Published in final edited form as: Cancer Med J. 2020 Dec 30;4(Suppl 3):1–6.

First Analysis of Same-day Pegfilgrastim Use with Concurrent Capecitabine-based Regimens in Patients with Gastrointestinal Malignancies

Muhammad Wasif Saif 1, Nausheen Hakim 1, Jeffrey Chi 1, Hasan Rehman 1, Shreya Prasad Goyal 1, Coral Olazagasti 1, Patnita Forde Sheperd 1, Jyothi Jose 1
PMCID: PMC7903891  NIHMSID: NIHMS1662938  PMID: 33655238

Abstract

BACKGROUND:

Pegfilgrastim is administered 24 hours. after chemotherapy to reduce risks of myelosuppression. This requires an additional clinic visit, which can be difficult for some patients (pts) due to work and transportation issues. In GI malignancies, patients receiving capecitabine-based regimens also require pegfilgrastim to reduce myelotoxicity. We present here the first study to analyze safety and efficacy of administering pegfilgrastim on the same day as capecitabine-based regimens in patients with GI malignancies.

METHODS:

We evaluated 157 patients with GI malignancies who received a capecitabine-based chemotherapy regimen, including XELOX, EOX, ECX, XELIRI, MIXE, gemcitabine-capecitabine and same-day pegfilgrastim (6 mg) within 1 hr of completion of systemic agents. As per institutional guidelines, patients were counseled on risks of same-day pegfilgrastim prior to its administration. Patients were followed to determine the degree of neutropenia and toxicity.

RESULTS:

A total of 914 chemotherapy cycles in 157 patients were analyzed. Median ANC nadir for all cycles was 5634/uL (range: 450 – 23800). Grade 1 and 2 neutropenia developed in 11 of 914 cycles. Bone pain reported in 9 pts. There was 1 episode of grade >3 neutropenia resulting in infection and antibiotic use. No other patient required dose reductions, chemotherapy delays, or hospitalizations. No increased toxicity of capecitabine was noticed.

CONCLUSIONS:

We believe our study is the first in GI malignancies to report that same-day pegfilgrastim administration with capecitabine-based regimens may be as effective and safe as next-day administration. Additionally, given the absence of CD in human bone marrow, it appears capecitabine can be used concurrently with pegfilgrastim. Prospective studies should be done to further investigate, as this practice can benefit patients clinically, decrease office visits, increase patient’s satisfaction and reduce healthcare costs.

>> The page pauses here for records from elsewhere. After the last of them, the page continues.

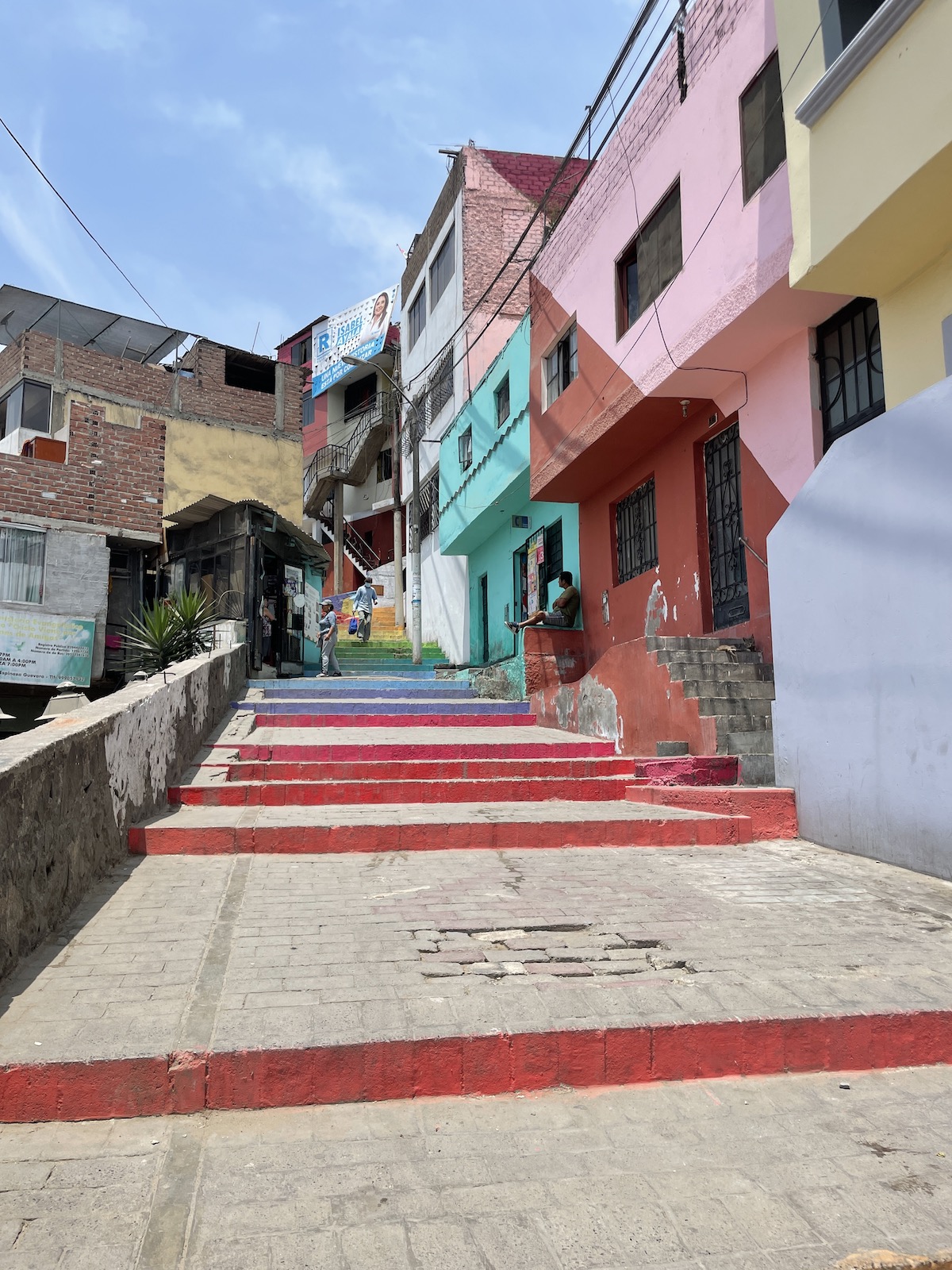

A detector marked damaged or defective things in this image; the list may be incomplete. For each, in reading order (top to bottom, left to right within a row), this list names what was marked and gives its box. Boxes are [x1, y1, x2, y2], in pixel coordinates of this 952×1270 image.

peeling paint wall [0, 645, 241, 984]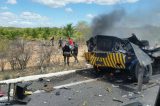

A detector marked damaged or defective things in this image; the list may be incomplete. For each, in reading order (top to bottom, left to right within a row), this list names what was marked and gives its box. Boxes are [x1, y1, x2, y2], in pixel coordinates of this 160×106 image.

burned vehicle [84, 34, 159, 82]
destroyed armored truck [84, 34, 159, 82]
burnt tire [134, 62, 152, 83]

Keywords: Chemotherapy, Pegfilgrastim, Neutropenia, Leukopenia, Fever, Side effects, Capecitabine

INTRODUCTION

Neutropenia is a serious adverse complication following myelosuppressive chemotherapy that enhances the risk of hospitalization, life-threatening infection, and delays in treatment which may impact outcome in certain cases. This is related to increased health-care costs [1]. Use of granulocyte stimulating factors has been mitigated the risk of chemotherapy induced neutropenia. Currently two forms are used in clinical practice: A short-acting filgrastim and pegfilgrastim, Pegylated filgrastim [2]. Per the dosing administration instructions, pegfilgrastim should not be given 14 days before or 24 hours after administration of cytotoxic chemotherapy. This is largely based on a theoretical risk of paradoxically increasing hematologic toxicity as GSF is thought to increase the population of chemotherapy-susceptible granulocyte precursors [3]. This dosing often requiring patients to make additional office visits, which can be cumbersome for some patients due to work and transportation issues.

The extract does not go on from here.